Problem to solve: Look in the data below for the line that has "3/4 Sleeve Boho", then print exactly every line from there through the line that has "Letter Heart Embroidered Denim Jacket", leaving pictures out.

Excerpts from a dataset:
+--
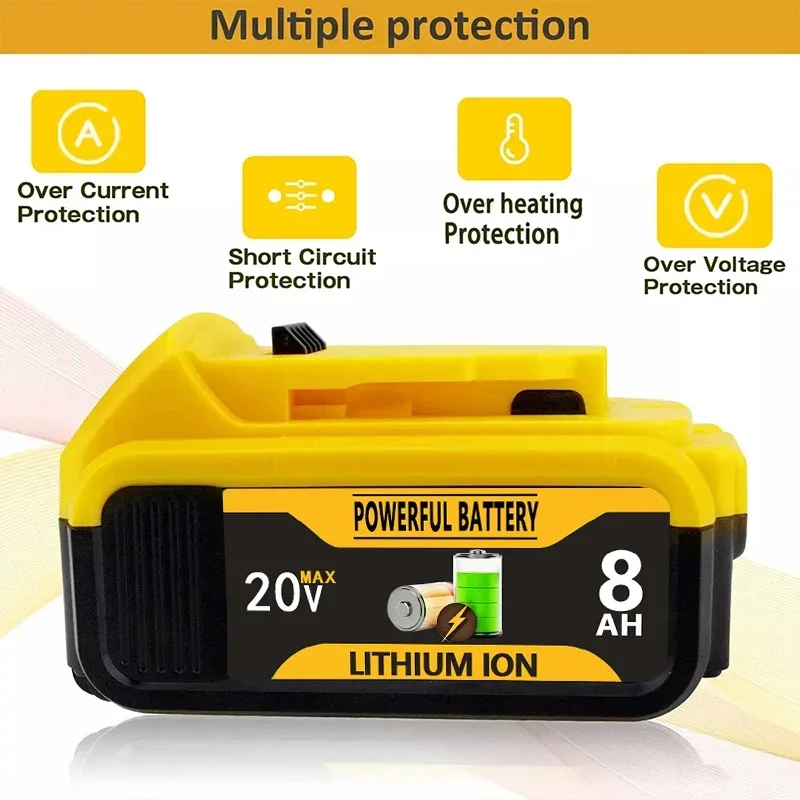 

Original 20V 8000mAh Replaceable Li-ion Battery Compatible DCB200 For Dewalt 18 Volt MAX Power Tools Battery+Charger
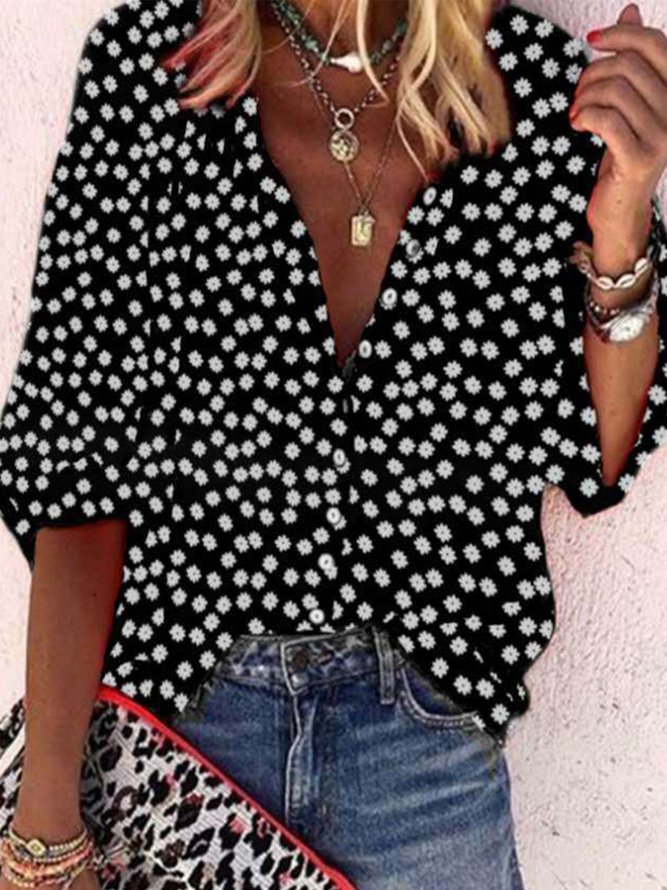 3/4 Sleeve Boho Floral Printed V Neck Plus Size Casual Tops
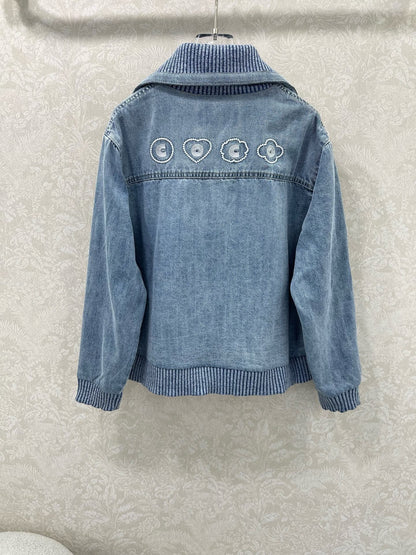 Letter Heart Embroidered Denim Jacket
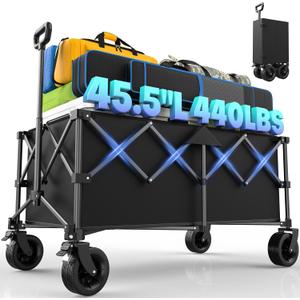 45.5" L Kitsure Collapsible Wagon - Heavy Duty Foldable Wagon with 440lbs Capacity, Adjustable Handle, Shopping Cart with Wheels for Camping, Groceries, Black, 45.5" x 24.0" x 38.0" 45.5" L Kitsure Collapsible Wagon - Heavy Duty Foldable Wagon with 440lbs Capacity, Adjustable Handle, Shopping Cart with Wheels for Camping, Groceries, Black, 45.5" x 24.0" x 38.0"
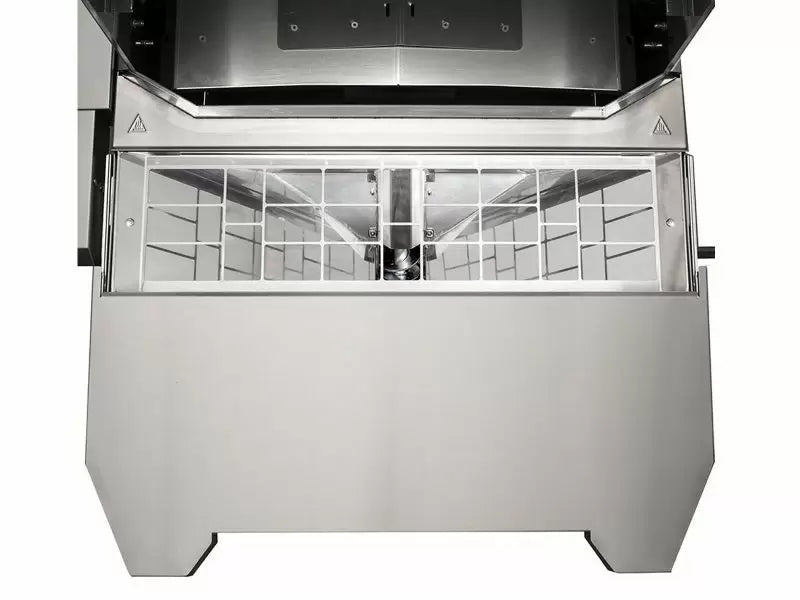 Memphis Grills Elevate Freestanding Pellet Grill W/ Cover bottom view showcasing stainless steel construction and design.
+--
Exercise result:
 3/4 Sleeve Boho Floral Printed V Neck Plus Size Casual Tops
 Letter Heart Embroidered Denim Jacket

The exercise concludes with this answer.